Com toda a certeza, os gráficos, as estatísticas ou os estudos revelam e iluminam, mas os seus conteúdos, uma vez postos e revelados, nos exigem passos mais decisivos rumo àquilo que qualifico e denomino de uma nova agenda para o desenvolvimento.

Bem a propósito, ao sediar a 47ª Reunião Anual dos Governadores do BID, Minas Gerais reproduz um pouco a nossa grande pátria latino-americana, essa pátria que é a soma de tantas pátrias, aqui onde compartilhamos origem e destino, dificuldades e esperanças, vida e trabalho.

Este, aliás, é um momento singularmente oportuno para que, com a afluência daqueles que têm nas mãos a responsabilidade para com o bem comum de nossos países, possamos abraçar a tarefa de construir essa nova agenda. Temos a consciência de que só com a retomada do crescimento a América Latina conseguirá superar as graves dificuldades que afligem tão duramente grande parte de sua população.

Temos a consciência de que a ênfase dos governos latino-americanos deve recair na educação de qualidade, com foco no desenvolvimento do capital humano e na criação de ambiente propício aos investidores. E, por fim, sabemos também que desenvolvimento e democracia são inseparáveis, cada qual reforçando o outro, já que a solidez de um necessita e depende da fortaleza do outro.

Em outras palavras, sem desenvolvimento, a democracia torna-se frágil e vulnerável, não responde às necessidades e às legítimas aspirações da população. Mas, sem democracia, o crescimento econômico dificilmente se sustenta. E bem sabemos que o crescimento econômico com redistribuição de riqueza precisa vigorar junto com a institucionalização de um regime aberto, representativo e democrático.

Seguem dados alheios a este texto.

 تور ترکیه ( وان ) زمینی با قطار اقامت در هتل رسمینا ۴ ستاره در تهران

Isto porque existem muitos riscos. Os riscos, por exemplo, das soluções voluntaristas, aquelas que partem da ingênua idéia de que querer é poder. Além de nada resolverem, elas criam ilusões, desencantos e frustrações dos cidadãos com a democracia e a política e levam quase sempre ao populismo, esse mal que tanto tem infelicitado o continente.

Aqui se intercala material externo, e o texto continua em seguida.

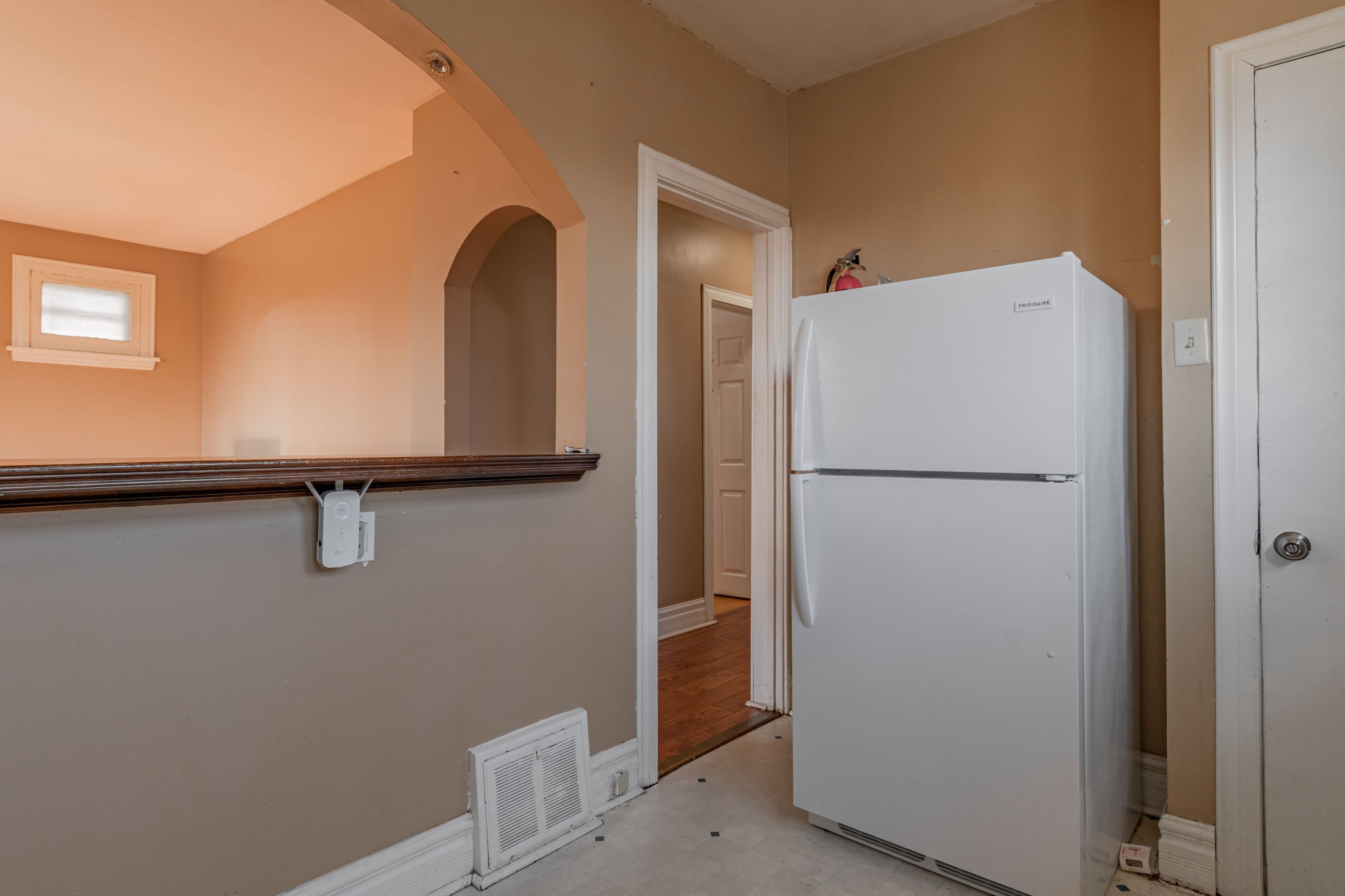 280 London Street Main/Upper, Peterborough, ON L5C 4E9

Mudar para crescer, crescer para garantir o bem-estar da população e assegurar a consolidação da democracia, nisto, acho eu, pode ser resumido o tríplice desafio com o qual se defronta a América Latina. E a ponte para o desenvolvimento requer engenho e arte, coragem e sabedoria dos que têm sobre seus ombros a missão de governar.

Nesse aspecto, não basta diminuir o tamanho do Estado. É preciso repensar-lhe o papel e a posição frente ao setor privado e a dinâmica do desenvolvimento, dar a esse novo Estado novas funções, novas obrigações.

A primeira delas é que ele precisa ser eficiente. É imprescindível a melhoria da gestão governamental. E a experiência recente de Minas com o chamado "Choque de Gestão" bem mostra ser possível a harmonia entre equilíbrio orçamentário e a eficiência na administração do dinheiro público.

De outra parte, o compromisso com o equilíbrio fiscal não deve ser visto como sinal de uma nova ideologia. É apenas bom senso, pois gastar mais do que se tem ou gastar mal é irresponsabilidade. A austeridade fiscal, igualmente, não pode ser obtida às expensas das prioridades sociais, pois grande parte da frustração hoje na América Latina advém das falhas na conciliação entre reivindicações da população com as exigências orçamentárias.

Finalmente, neste pequeno elenco de contribuições e reflexões, chamaria ainda a atenção para o restabelecimento da importância do planejamento nas políticas governamentais e para um ponto que sublinho como fundamental, entre todos: o investimento nas pessoas, o foco na educação como senha para o portal do progresso, do bem-estar e da consolidação da democracia.